044 |
INCIDENCE OF TUBERCULOSIS CASES IN CONTACTS - A
SIMPLE MODEL |
AK Chakraborty, Hardan Singh & P Jagota: Indian
J Prev & Soc Med 1980, 11, 108-11. |
Contact examination is not recommended as a routine
procedure for Case-finding in the District Tuberculosis Programme.
The rationale for not including contact examination as a routine
Case-finding measure is: (1) prevalence rate of tuberculosis among
the contacts is not much higher than in the general population (2)

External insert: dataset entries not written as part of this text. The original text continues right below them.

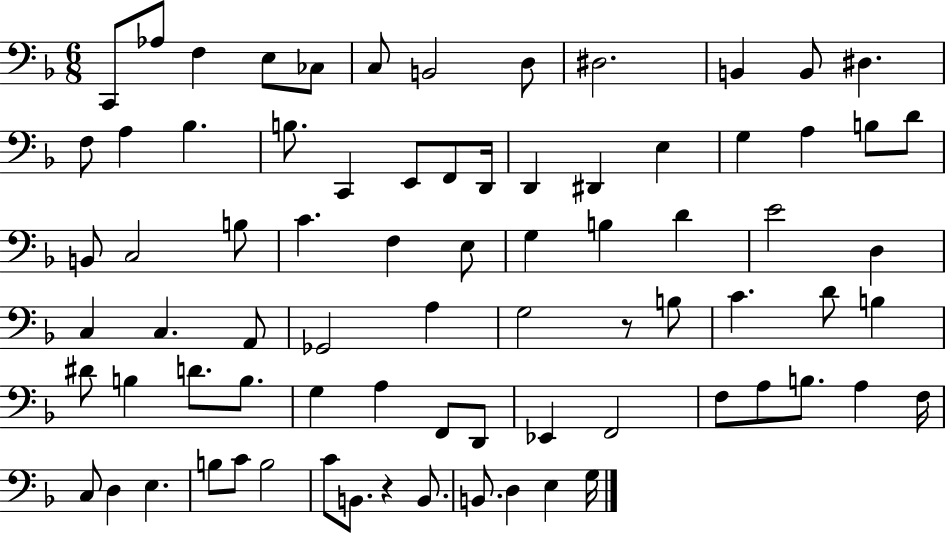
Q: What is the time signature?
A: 6/8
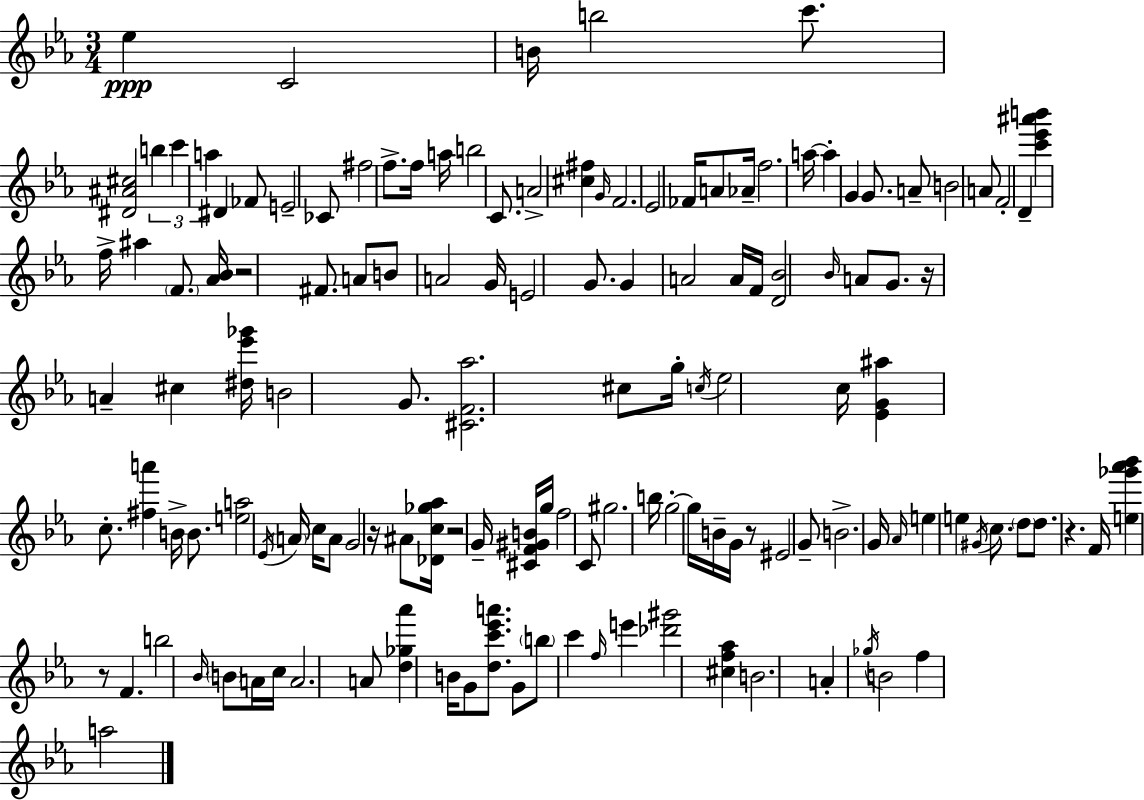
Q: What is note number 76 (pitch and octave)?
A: B5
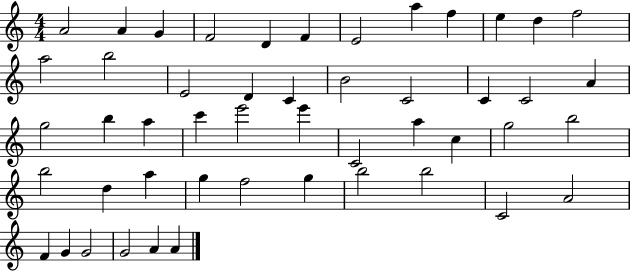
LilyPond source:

{
  \clef treble
  \numericTimeSignature
  \time 4/4
  \key c \major
  a'2 a'4 g'4 | f'2 d'4 f'4 | e'2 a''4 f''4 | e''4 d''4 f''2 | \break a''2 b''2 | e'2 d'4 c'4 | b'2 c'2 | c'4 c'2 a'4 | \break g''2 b''4 a''4 | c'''4 e'''2 e'''4 | c'2 a''4 c''4 | g''2 b''2 | \break b''2 d''4 a''4 | g''4 f''2 g''4 | b''2 b''2 | c'2 a'2 | \break f'4 g'4 g'2 | g'2 a'4 a'4 | \bar "|."
}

at the time of diagnosis of an index case, a second case may not
be found in the same household. Though more prevalence cases cannot
be diagnosed by contact examination, is it possible that by keeping
the household contacts, as a group, under surveillance, future incidence
of cases in the community can be substantially prevented? A model
situation has been created by using hypothesis derived from various
studies conducted in India, designed to answer the question. Variables
used in the model are: 40% of the general population are infected
at any point of time, there is only one prevalence case of TB at
any given point of time in an average household of five, 40% of
the non-infected population in a contact household are infected per
year, incidence of disease among newly infected group is seven,
times of the incidence among previously infected, incidence of disease
in general population is 0.13% and from among previously infected
persons 0.3% per year develop sputum disease.

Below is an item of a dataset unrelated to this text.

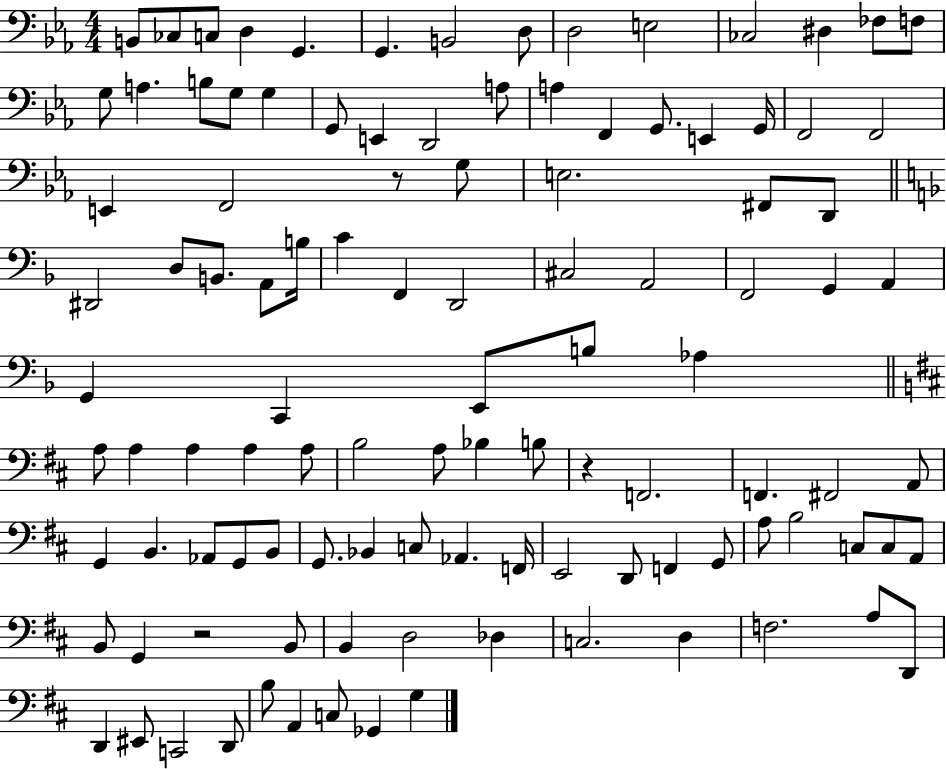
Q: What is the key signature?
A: EES major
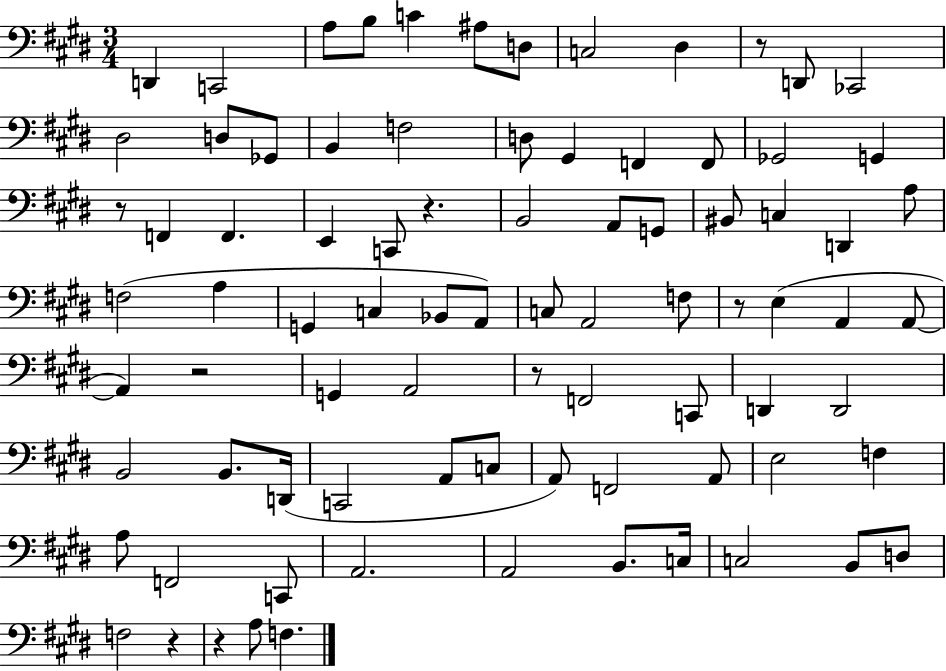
D2/q C2/h A3/e B3/e C4/q A#3/e D3/e C3/h D#3/q R/e D2/e CES2/h D#3/h D3/e Gb2/e B2/q F3/h D3/e G#2/q F2/q F2/e Gb2/h G2/q R/e F2/q F2/q. E2/q C2/e R/q. B2/h A2/e G2/e BIS2/e C3/q D2/q A3/e F3/h A3/q G2/q C3/q Bb2/e A2/e C3/e A2/h F3/e R/e E3/q A2/q A2/e A2/q R/h G2/q A2/h R/e F2/h C2/e D2/q D2/h B2/h B2/e. D2/s C2/h A2/e C3/e A2/e F2/h A2/e E3/h F3/q A3/e F2/h C2/e A2/h. A2/h B2/e. C3/s C3/h B2/e D3/e F3/h R/q R/q A3/e F3/q.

At an incidence rate of 0.13% per year among general
population aged >5 years, it is expected that 111 cases would
arise in a year in the population of 1,00,000 under study. Thus,
of the 111 cases occurring in the community, 101 arise from those
who are not contacts.
The proportional contribution of new cases from
the contact group to the total incidence cases in the entire community
is so small, that even if all the contacts are kept under surveillance,
BCG vaccinated or placed on chemoprophylaxis, still over 90% of
incidence cases cannot be prevented from occurring. This is apart
from the fact that keeping them under surveillance will be highly
costly and is an operational problem of considerable magnitude.